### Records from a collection
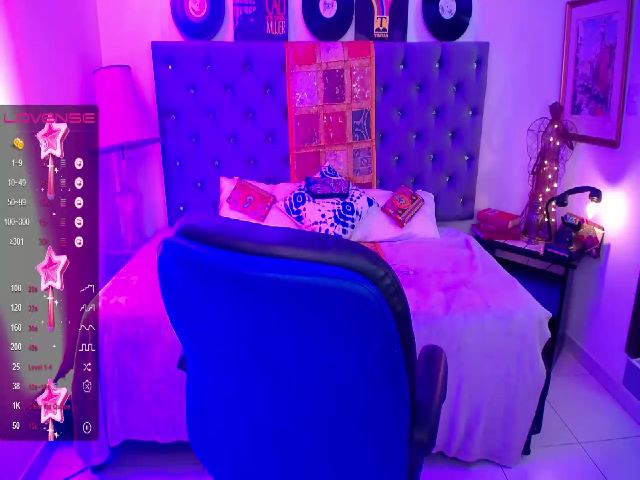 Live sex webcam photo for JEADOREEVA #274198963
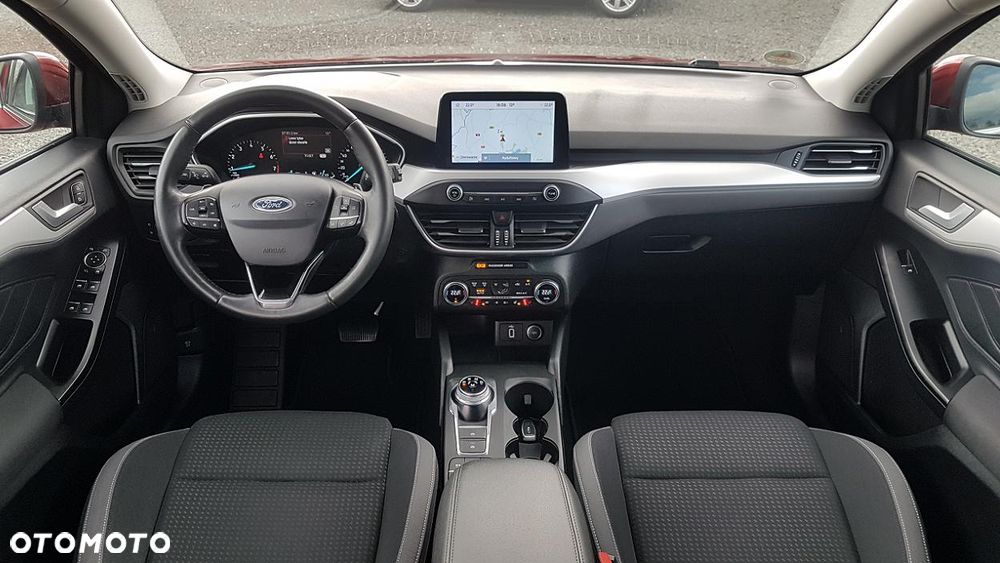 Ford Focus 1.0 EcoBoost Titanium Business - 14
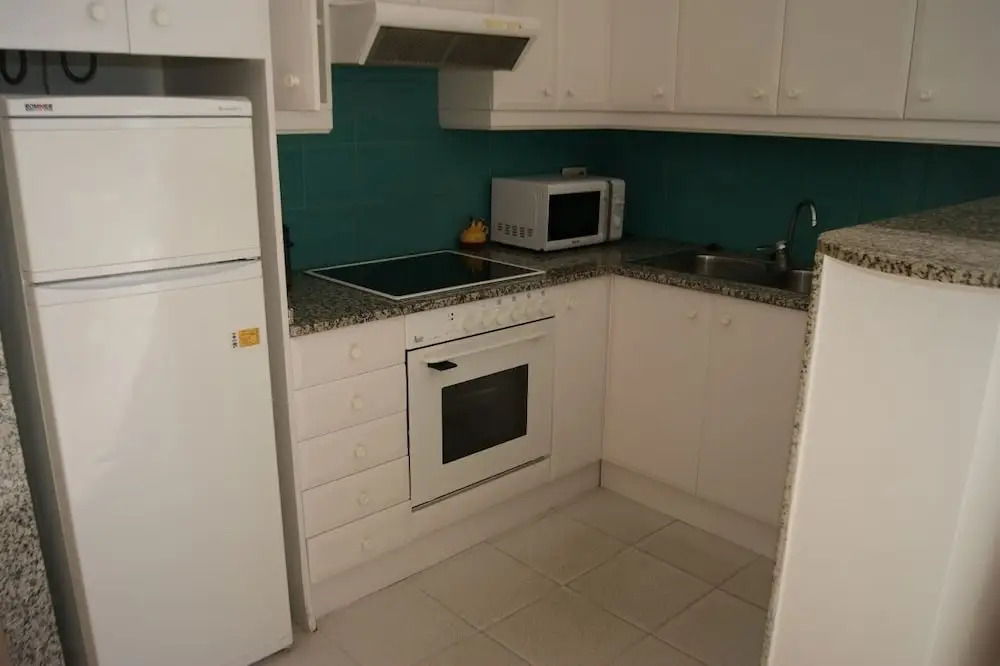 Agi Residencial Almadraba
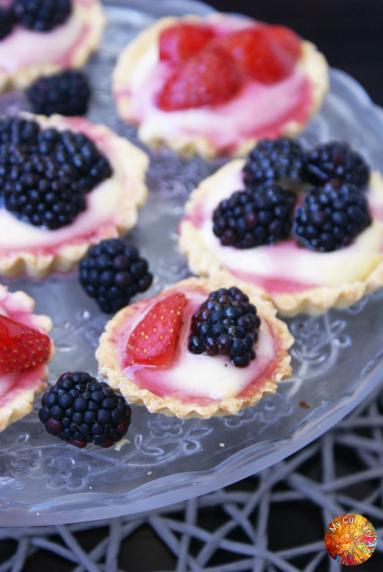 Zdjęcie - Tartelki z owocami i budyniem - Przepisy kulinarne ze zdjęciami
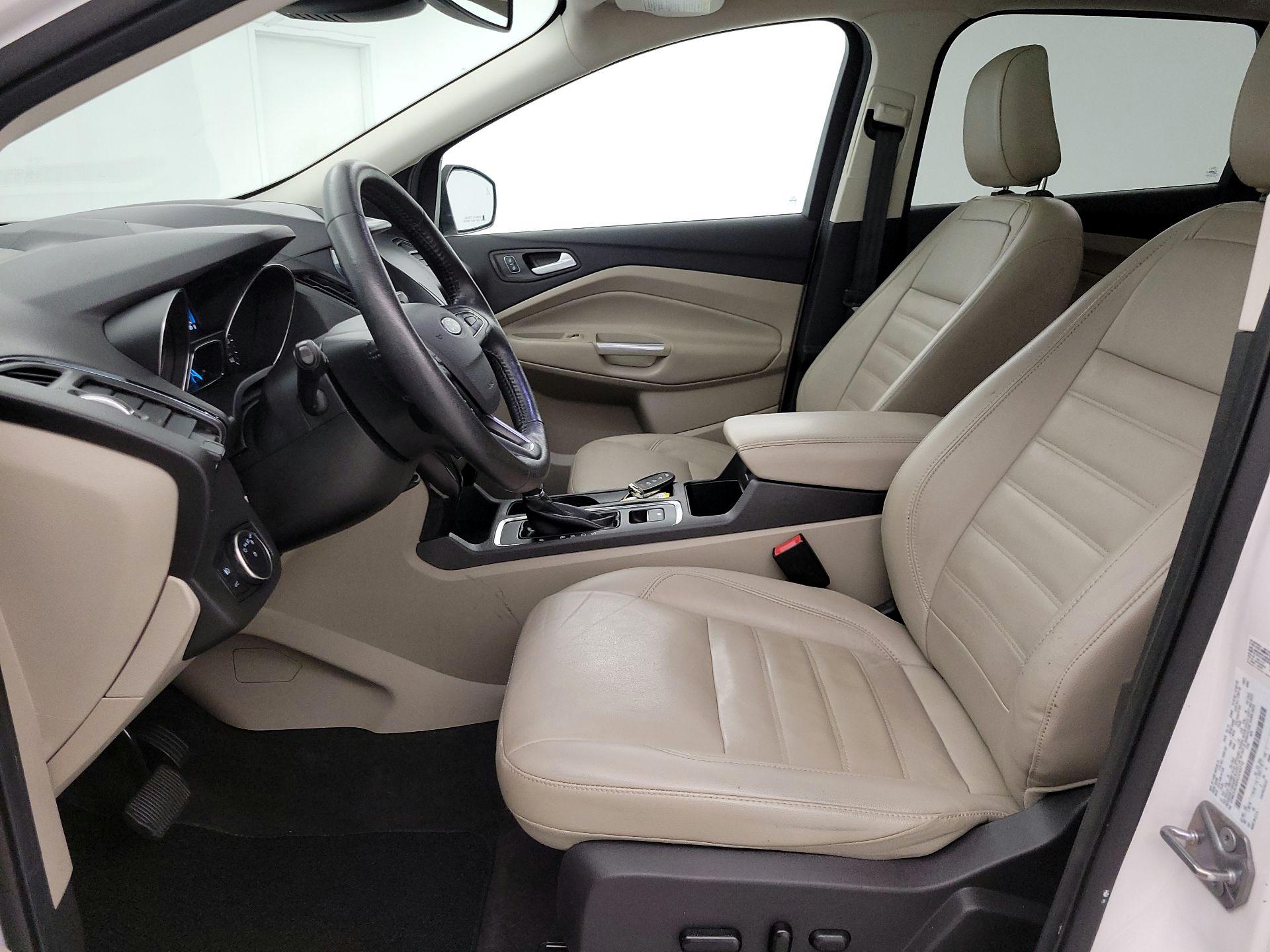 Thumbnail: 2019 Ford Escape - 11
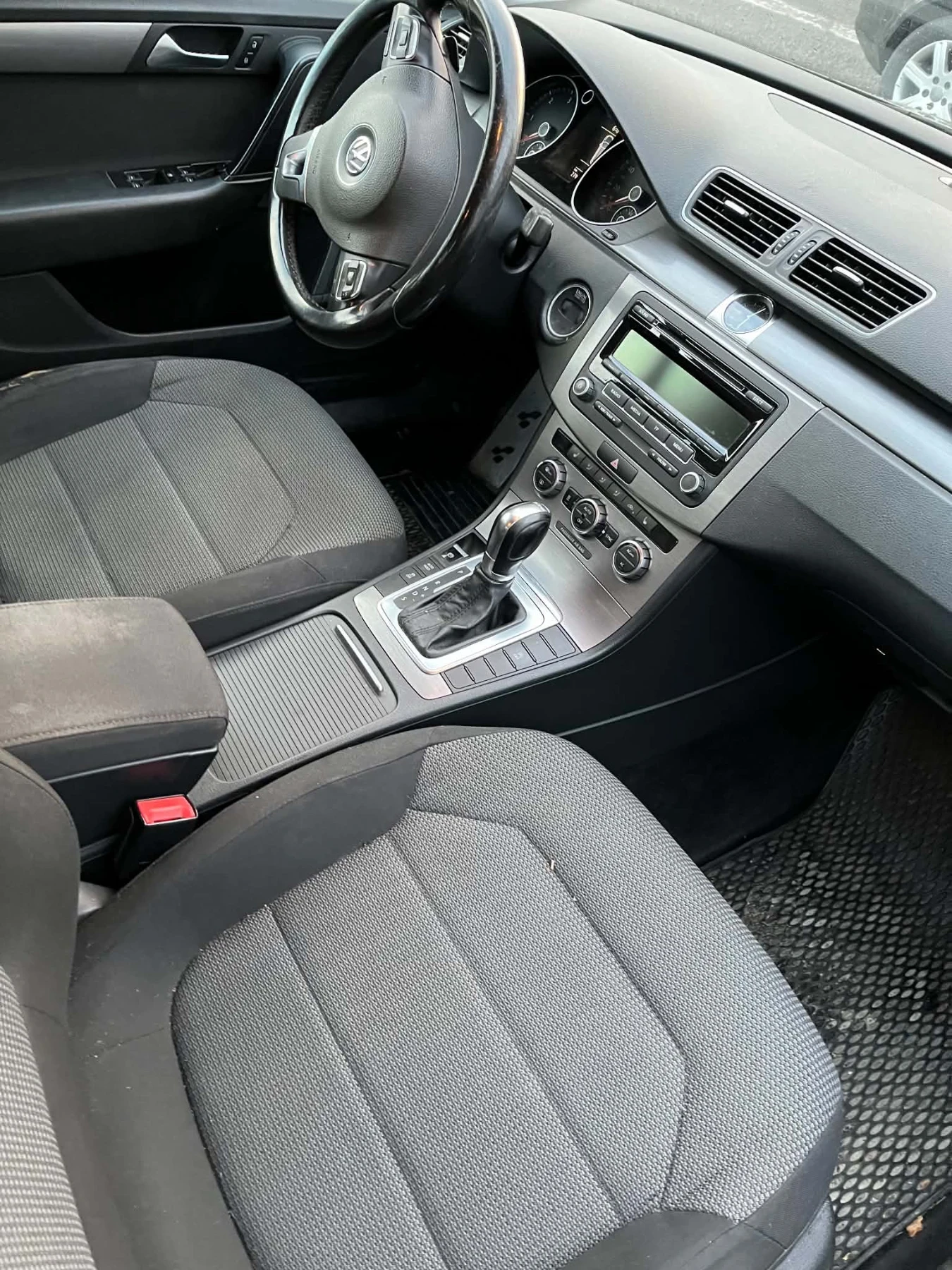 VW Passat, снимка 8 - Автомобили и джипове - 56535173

### The task
Once you find the line that contains "Thumbnail: 2019 Ford Escape - 11", give it again along with every later line through the end of the data, word for word, minus the pictures.

### Solution to this exercise
 Thumbnail: 2019 Ford Escape - 11
 VW Passat, снимка 8 - Автомобили и джипове - 56535173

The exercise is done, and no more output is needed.